My program has a button. Every time it's pressed it calls the thread_(self) (bellow), starting a new thread. The target function self.main has the code to run all the selenium work on a chrome-driver.

def thread_(self):
    th = threading.Thread(target=self.main)
    th.start()

My problem is that after the user press the first time. This th thread will open browser A and do some stuff. While browser A is doing some stuff, the user will press the button again and open browser B that runs the same self.main. I want each browser opened to run simultaneously. The problem I faced is that when I run that thread function, the first browser stops and the second browser is opened.

I know my code can create threads infinitely. And I know that this will affect the pc performance but I am ok with that. I want to speed up the work done by self.main!

Flu_Py Developer
  • 191
  • 2
  • 13
  • Does this answer your question? [How can I make a function run in the background without blocking my entire program?](https://stackoverflow.com/questions/60778753/how-can-i-make-a-function-run-in-the-background-without-blocking-my-entire-progr) – imbr Aug 30 '21 at 18:20
  • no it doesn't,. – Flu_Py Developer Aug 30 '21 at 18:24
  • but it is close – Flu_Py Developer Aug 30 '21 at 18:25
  • do you want to create Synchronizing Threads with the same thread function with some button ideas so that it can go like multithreading? – Fatin Ishrak Rafi Aug 30 '21 at 18:27
  • yes, sth like this – Flu_Py Developer Aug 30 '21 at 18:29
  • > but how can I open a new thread? you already wrote it `th = threading.Thread(target=self.main) th.start()`. Or it's not clear what you want. Please read https://stackoverflow.com/help/how-to-ask – imbr Aug 30 '21 at 18:30
  • I am trying to open totally new thread while a this thread is already opened – Flu_Py Developer Aug 30 '21 at 18:31
  • look, I am trying to make each browser opened to run simultaneously. – Flu_Py Developer Aug 30 '21 at 18:32
  • why cant you just repeat this piece of code `th = threading.Thread(target=self.main) th.start()`? Again read how to ask. You are not being clear. That's a principle: if you cannot explain what you are trying to do no one will be able to help you properly. Please read how to ask. – imbr Aug 30 '21 at 18:33
  • ok, this is what I want exactly, the user will open 'th' thread, it will open browser 'A' and do some stuff, while browser A is doing some stuff, the user will press the start button again and open browser B and do that same stuff, I want both of them to run together, the problem I faced is that when I run that thread function, the first browser stops and the second browser is opened – Flu_Py Developer Aug 30 '21 at 18:36
  • this is with details, sorry if I made it long – Flu_Py Developer Aug 30 '21 at 18:37
  • Do you get what I mean ? – Flu_Py Developer Aug 30 '21 at 18:38
  • @eusoubrasileiro can you please refer to my detailed question. – Flu_Py Developer Aug 30 '21 at 18:48
  • @Flu_PyDeveloper one more question. What exact task are you doing with selenium chrome webdriver? – imbr Aug 31 '21 at 11:51

2 Answers2

1

Threading for selenium speed up

Consider the following functions to exemplify how threads with selenium give some speed-up compared to a single driver approach. The code bellow scraps the html title from a page opened by selenium using BeautifulSoup. The list of pages is links.

import time
from bs4 import BeautifulSoup
from selenium import webdriver
import threading

def create_driver():
   """returns a new chrome webdriver"""
   chromeOptions = webdriver.ChromeOptions()
   chromeOptions.add_argument("--headless") # make it not visible, just comment if you like seeing opened browsers
   return webdriver.Chrome(options=chromeOptions)  

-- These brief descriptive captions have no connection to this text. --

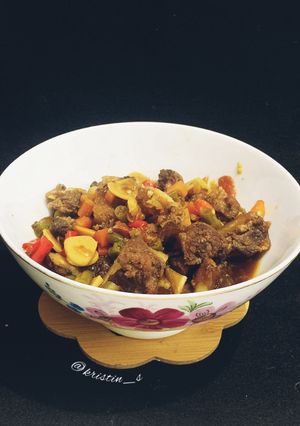 Foto resep Asem - asem daging buncis wortel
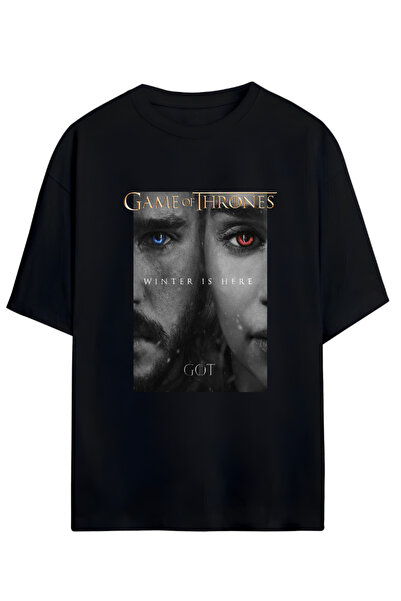 MAGORS GAME OF THRONES TASARIMLI UNISEX OVERSIZE PAMUKLU TSHIRT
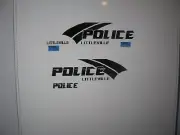 Littleville Alabama Police Car Decals Custom 1:64 two for one money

def get_title(url, webdriver=None):  
   """get the url html title using BeautifulSoup 
   if driver is None uses a new chrome-driver and quit() after
   otherwise uses the driver provided and don't quit() after"""
   def print_title(driver):
      driver.get(url)
      soup = BeautifulSoup(driver.page_source,"lxml")
      item = soup.find('title')
      print(item.string.strip())

   if webdriver:
      print_title(webdriver)  
   else: 
      webdriver = create_driver()
      print_title(webdriver)   
      webdriver.quit()

links = ["https://www.amazon.com", "https://www.google.com", "https://www.youtube.com/", "https://www.facebook.com/", "https://www.wikipedia.org/", 
"https://us.yahoo.com/?p=us", "https://www.instagram.com/", "https://www.globo.com/", "https://outlook.live.com/owa/"]

Calling now get_tile on the links above.

Sequential approach

A single chrome driver and passing all links sequentially. Takes 22.3 s my machine (note:windows).

start_time = time.time()
driver = create_driver()

for link in links: # could be 'like' clicks 
  get_title(link, driver)  

driver.quit()
print("sequential took ", (time.time() - start_time), " seconds")

Multiple threads approach

Using a thread for each link. Results in 10.5 s > 2x faster.

start_time = time.time()    
threads = [] 
for link in links: # each thread could be like a new 'click' 
    th = threading.Thread(target=get_title, args=(link,))    
    th.start() # could `time.sleep` between 'clicks' to see whats'up without headless option
    threads.append(th)        
for th in threads:
    th.join() # Main thread wait for threads finish
print("multiple threads took ", (time.time() - start_time), " seconds")

This here and this better are some other working examples. The second uses a fixed number of threads on a ThreadPool. And suggests that storing the chrome-driver instance initialized on each thread is faster than creating-starting it every time.

Still I was not sure this was the optimal approach for selenium to have considerable speed-ups. Since threading on no IO bound code will end-up executed sequentially (one thread after another). Due the Python GIL (Global Interpreter Lock) a Python process cannot run threads in parallel (utilize multiple cpu-cores).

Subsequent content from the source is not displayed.